O controle das mídias sociais como instrumento da política externa americana (I)

Parte I: Diplomacia 2.0

Empresas cujos produtos ou serviços giram em torno da tecnologia da informação […] tratam de uma mercadoria que é inerentemente política.
Eric Schmidt, presidente da Google e Jared Cohen, funcionário do Departamento de Estado americano

A ideia de que o controle das empresas de mídia social era um ativo a ser explorado pela diplomacia americana nasceu tardiamente, no final do segundo mandato do governo George W. Bush. O responsável por implementar essa política foi James Glassman, subsecretário para Diplomacia Pública que desenvolveu o conceito sob a influência do jovem assessor Jared Cohen (hoje empregado da Google) especializado em “contra-radicalismo” e juventude no Oriente Médio (Lichtenstein, 2007 e 2010).

Tradicionalmente, a diplomacia pública se ocupa dos meios para influenciar públicos estrangeiros a aderirem a interesses nacionais e opera por meio de rádios e TVs internacionais, além de programas de intercâmbio e difusão cultural que promovem os valores e os interesses nacionais no estrangeiro. A ideia de uma diplomacia pública 2.0 consistia em introduzir as novas tecnologias da Internet nestas estratégias.

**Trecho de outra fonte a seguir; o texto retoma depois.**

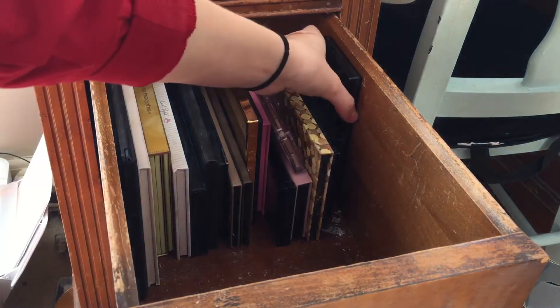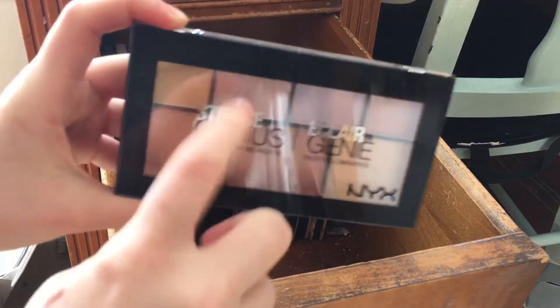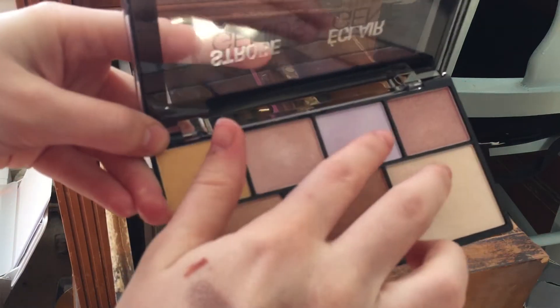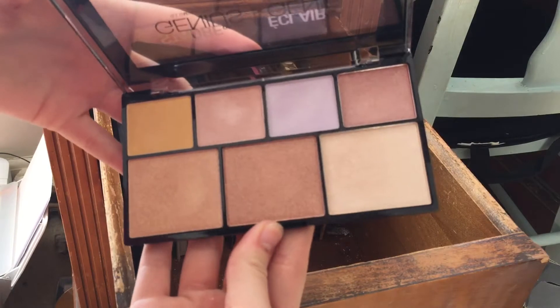This is a palette I just got two days ago — this is the NYX Strobe of Genius Illuminating Palette. I wore it yesterday and I loved it. I put these two colors on and I really like this palette so far, so I'm really excited to play with it more.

Na sua audiência de confirmação para o cargo perante o comitê de relações exteriores do Senado, em janeiro de 2008, Glassman enfatizou o papel das novas tecnologias como uma das três linhas mestras de seu plano de trabalho (Glassman, 2008a). Essa convergência entre diplomacia pública e novas tecnologias em parte se explicava pelo percurso de Glassman que vinha de uma experiência como diretor do Conselho Gestor de Radiodifusão (o Broadcasting Board of Governors, órgão civil que dirige as iniciativas de radiodifusão da diplomacia pública americana, como a Voz da América e a Radio Europa Livre), além de editor de um jornal eletrônico conservador, o Tech Central Station.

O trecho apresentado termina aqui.